Burke-class destroyers also provide anti-aircraft defenses, which require surface-to-air missiles like the RIM-66 Standard SM-2 and the RIM-174 Standard SM-6. It will also need point-defense missiles like the RIM-162 Evolved Sea Sparrow Missile or the RUM-139 Vertical-Launch ASROC for anti-submarine missions. Then, of course, there is the BGM-109 Tomahawk cruise missile.

All of a sudden, 72 SM-3s seem like a bit much for one ship to have. That’s even before one considers the risks of putting all those eggs in one basket. There is the option to spread out the missiles among other ships (either Ticonderoga-class guided-missile cruisers or other Burke-class destroyers), but then each ship has its other missions compromised.

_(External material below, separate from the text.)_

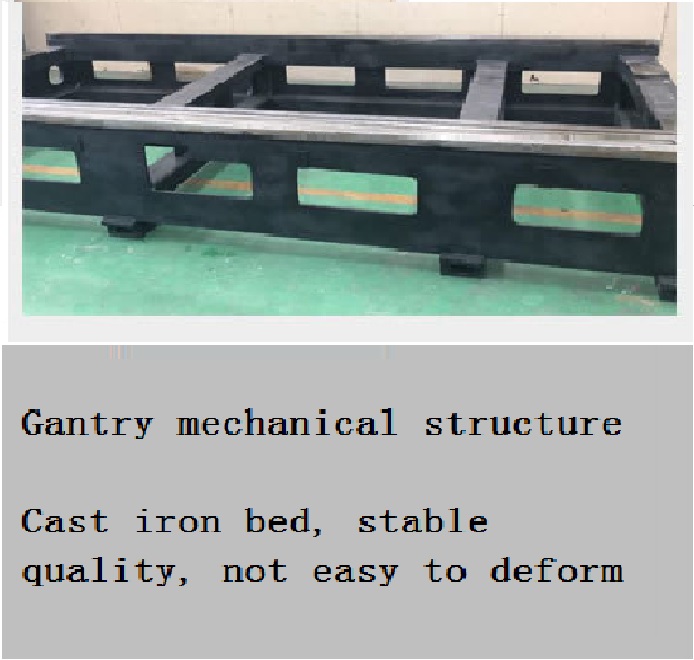 Fiber Laser Cutting Machine With Temper Glass Cutting Laser Machine Faserlaser-Schneidemaschine mit Temperglas-Schneidlaser-Maschine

The thing is, the U.S. can turn that around on the Chinese. Imagine if they could develop new ground-based cruise missiles — say, versions of the Tomahawk (or a replacement) for land-attack roles. Base those in South Korea, Vietnam, and Japan, and China would then have a whole new set of problems. In a similar vein, a ground-launched version of the Navy’s AGM-158C based on Palawan Island or near Haiphong would give Chinese ships in the South China Sea something to worry about. That wouldn’t even include the United States having mobile intermediate-range ballistic missiles deployed in the region as well.

The deployment of land-based missiles in Poland, Norway, Romania, and the Baltic states of Estonia, Latvia, and Lithuania could have the same effect on Russia as it does on China — especially with the Navy having a huge shortage of hulls in the water.

The fact is, withdrawing from INF ranks as one of President Trump’s smartest moves. In today’s lawless world, arms-control treaties are increasingly just a sucker’s game that is as effective on the international stage as gun control has been in cities like Chicago and Baltimore.